-- INSTRUCTIONS FOR THE TASK --
Your output must be the lines below from the line containing "Nooteboom OSDS-48-03 3" to the line containing "HHC Disposables 1mL", both lines included, reproduced exactly and without pictures.

-- INPUT --
○ ○ ○ ○ ○ ○ ○
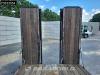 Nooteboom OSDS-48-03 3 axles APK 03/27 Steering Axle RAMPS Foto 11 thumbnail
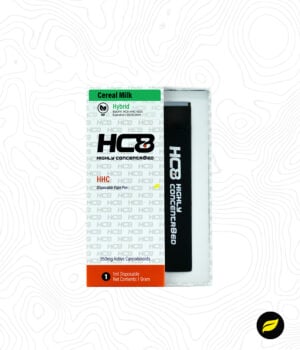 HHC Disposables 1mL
○ ○ ○ ○ ○ ○ ○
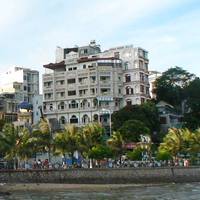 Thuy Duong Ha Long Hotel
○ ○ ○ ○ ○ ○ ○
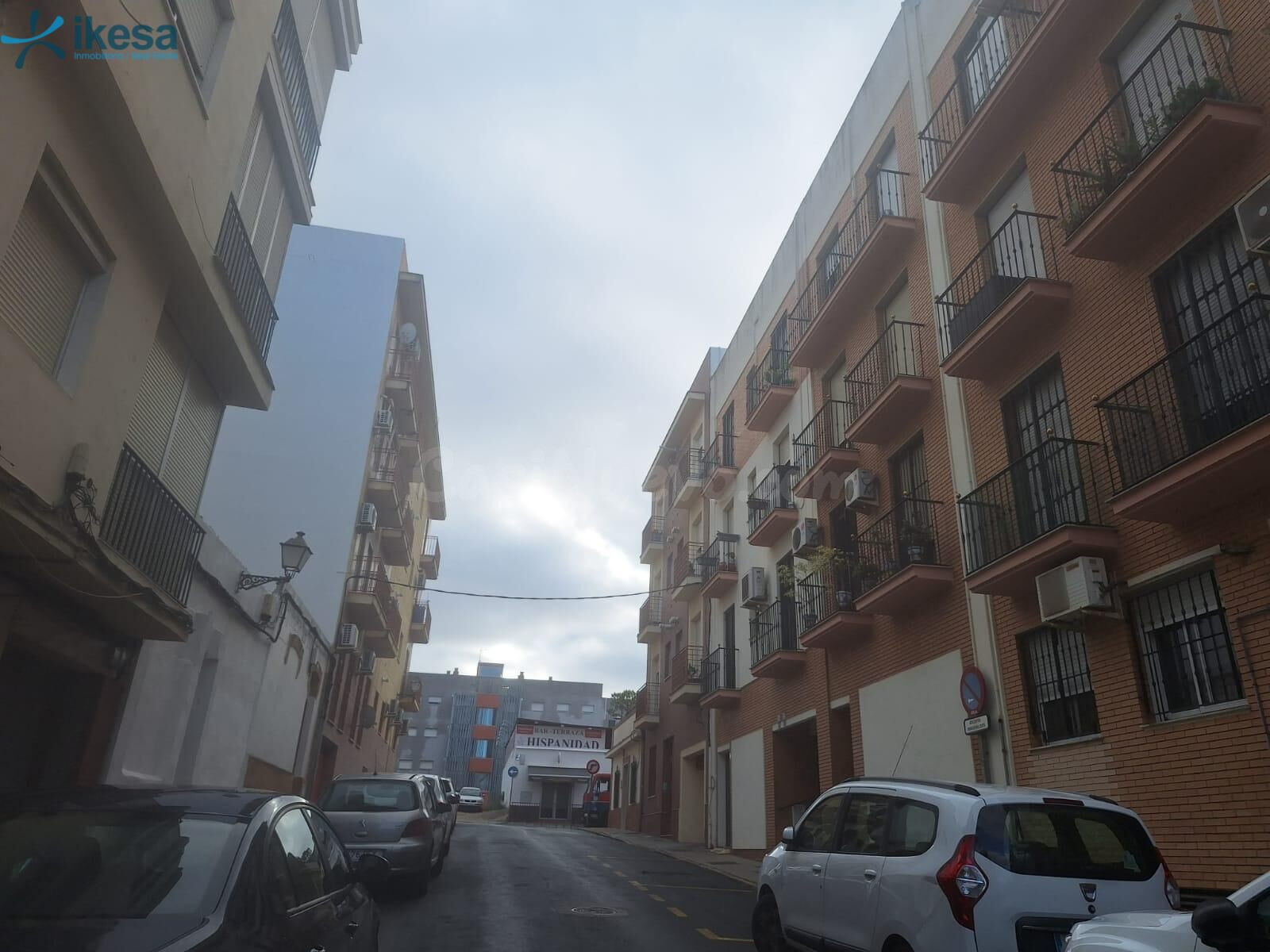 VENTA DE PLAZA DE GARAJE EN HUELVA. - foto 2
○ ○ ○ ○ ○ ○ ○
-- EXERCISE SOLUTION --
 Nooteboom OSDS-48-03 3 axles APK 03/27 Steering Axle RAMPS Foto 11 thumbnail
 HHC Disposables 1mL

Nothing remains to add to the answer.